Más allá de los grandes centros expositivos de Serralves o Gulbenkian, pequeños municipios fomentan la creación y custodian colecciones como la de José Lima
01 feb 2018 . Actualizado a las 08:42 h.Al entrar en coche en São João da Madeira, una ciudad de poco más de 21.000 habitantes, cabecera del municipio más pequeño de Portugal, aparece a lo lejos un monumento alto, iluminado. Es Torre Oliva, vestigio de una vieja fábrica de máquinas de coser convertida ahora en centro de atención de visitantes. Esa construcción, esbelta y cúbica, es solo una parte de aquella factoría que alimentó la industria del calzado y el textil en un municipio que, en el año 2012, inició un proyecto de turismo industrial capaz de transmitir al mundo todo el potencial que tenía el pueblo.
Y no se quedó ahí. En el 2013 la Cámara Municipal abrió las puertas de Oliva Factory, un proyecto levantado en las naves de la misma fábrica con la idea de fomentar la creatividad y el talento. Porque en São João da Madeira el arte rezuma por todas partes. Frente a la debacle económica, lucharon con ingenio. Esa pequeña localidad es, además, una prueba de que en Portugal, cuando se habla del tema, hay mucho más que la Fundación Serralves, con la que Oliva tiene acuerdos, o la Calouste Gulbenkian.

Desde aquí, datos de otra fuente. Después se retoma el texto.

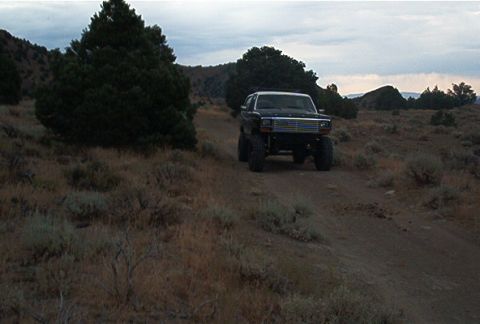 1986 Ford Bronco - A lifted black Ford Bronco sits on a dirt road in a dry, hilly landscape under a cloudy sky.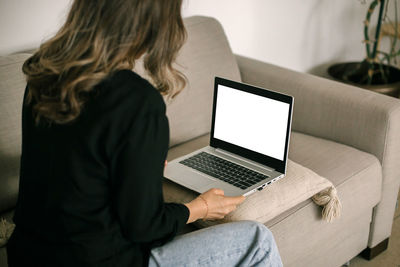 Woman using laptop on sofa at home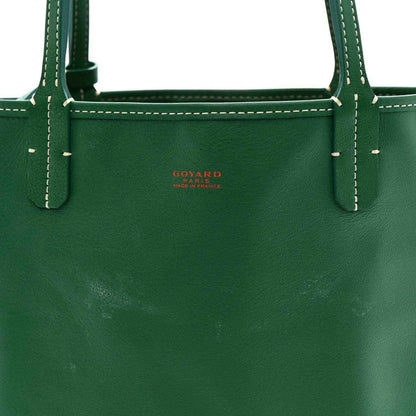 Green leather mini tote with front stitched panel and embossed logo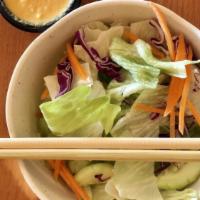 House Salad · With ginger dressing.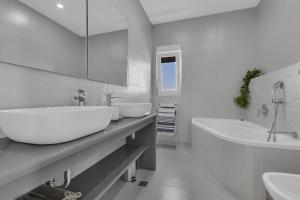 La salle de bains blanche est pourvue de 2 lavabos et d'une baignoire. dans l'établissement Ferienhaus mit Privatpool für 8 Personen ca 340 qm in Makarska, Dalmatien Mitteldalmatien, à Makarska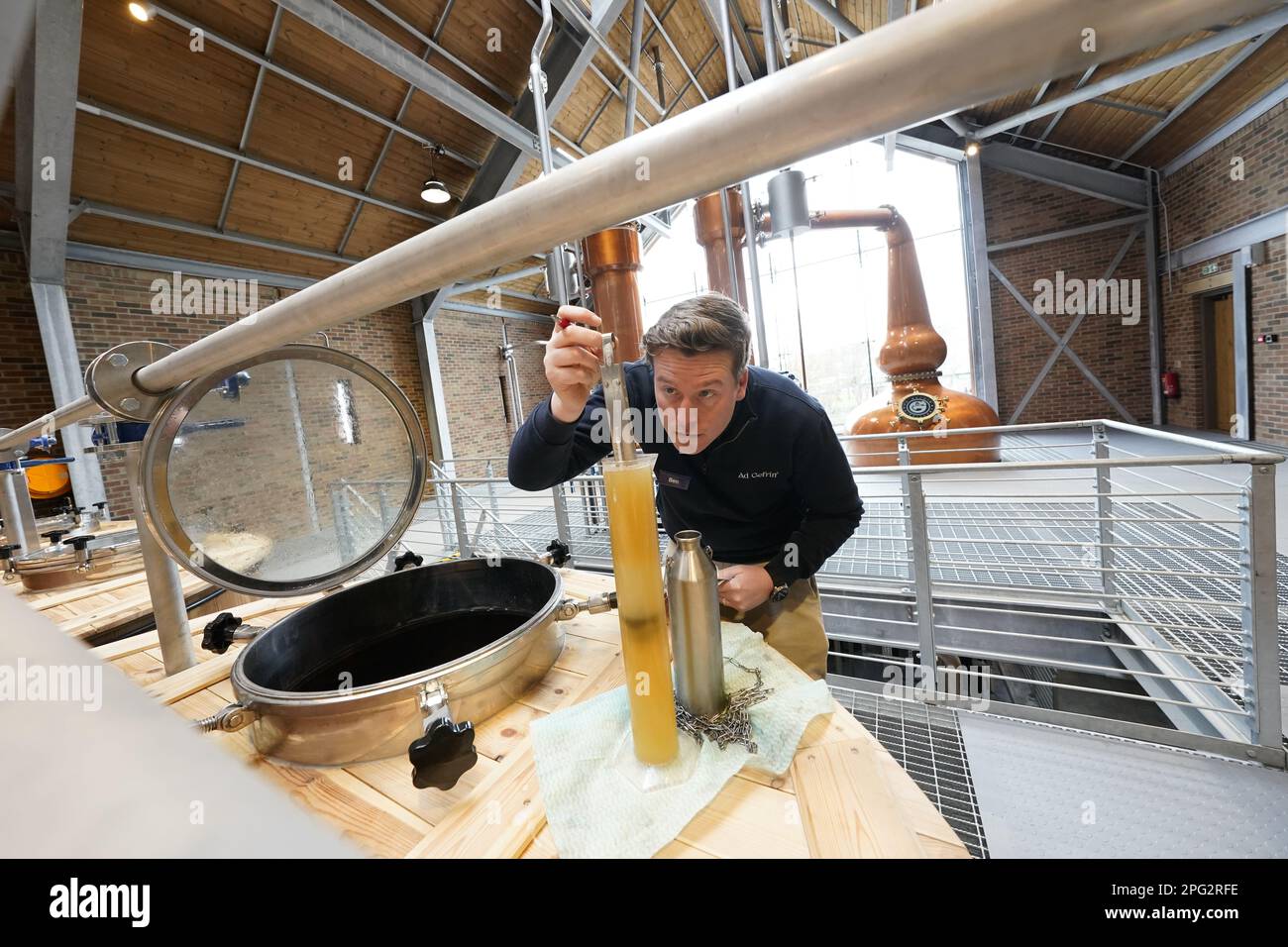 Ben Murphy, 37, director of distilling, checks the apparatus at the new ...
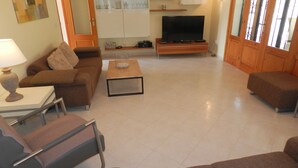 A living room with a sofa, a coffee table, a TV stand, and a lamp. - Villa Fig Tree Para 4 Personas (Calpe)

En ese pequeño centro uno puede darse de bruces con una de las calaveras de Damien Hirst observando de reojo un cuadro de Julião Sarmento en un concello con menos habitantes que el concello de Culleredo. La calavera y el cuadro son dos de las obras de la colección Norlinda e José Lima, que pueden verse en el núcleo de arte de Oliva Factory. El centro custodia esta colección privada al completo, una de las mejores de Portugal.
Al alcance de todos
No es casual que el empresario del calzado José Lima eligiese esa institución para velar por su heterogéneo conjunto de piezas, que empezó a comprar en los años ochenta. Lo escogió porque era su pueblo. Quiso que todas esas obras adquiridas por impulso a lo largo de los años estuvieran al alcance de todos. Porque la cultura no es solo para las élites. Ahí, un día de semana, en un paseo prácticamente privado puede verse esa miscelánea de piezas. Desde Andy Warhol a Miquel Barceló. De Cindy Sherman a Lygia Pape. Por no hablar de José Bechara. Es una especie de mestizaje artístico comparable a la mezcla racial que se respira en las calles de grandes urbes portuguesas como Lisboa. Es la huella de haber dado la vuelta al mundo.
El núcleo de arte es solo una pequeña parte de esa factoría de la que entran y salen jóvenes cargados con mochilas. La mayor parte trabajan en las pequeñas compañías del vivero que acoge el complejo. Es un punto de partida, un empujón, para dar luego un salto a lo grande. Otros van a la escuela de danza o a esas residencias artísticas que organizan en la Oliva.
Basta con cruzar la calle interior que atraviesa entre las naves que en otro tiempo fabricaron las máquinas de coser para llegar a la incubadora empresarial. Comienza a hacerse tarde. Son más de las 19.00 horas. No hay mucho movimiento. Pero basta con subir la escalera y torcer un pequeño recodo para toparse de bruces con el bullicio nervioso que provoca el estar preparando algo grande. En el atelier de And I Wonder, una marca de zapatos de novia hechos a medida y a mano, están preparando un desfile. Un grupo de señoritas sentadas en torno a una mesa redonda colocan con cuidado los últimos apliques. Han estudiado en la escuela de diseño de calzado del municipio. Lo que hacen también es arte.
Y no solo se queda ahí. Traspasa fronteras desde las fábricas que aún están en activo. Porque en São João da Madeira, en esa ruta de turismo industrial, está Viarco, la única factoría de la península Ibérica que fabrica lápices. De sus talleres salen grafitos para todo el mundo. Llegan al Prado, en Madrid, e incluso al MoMA de Nueva York.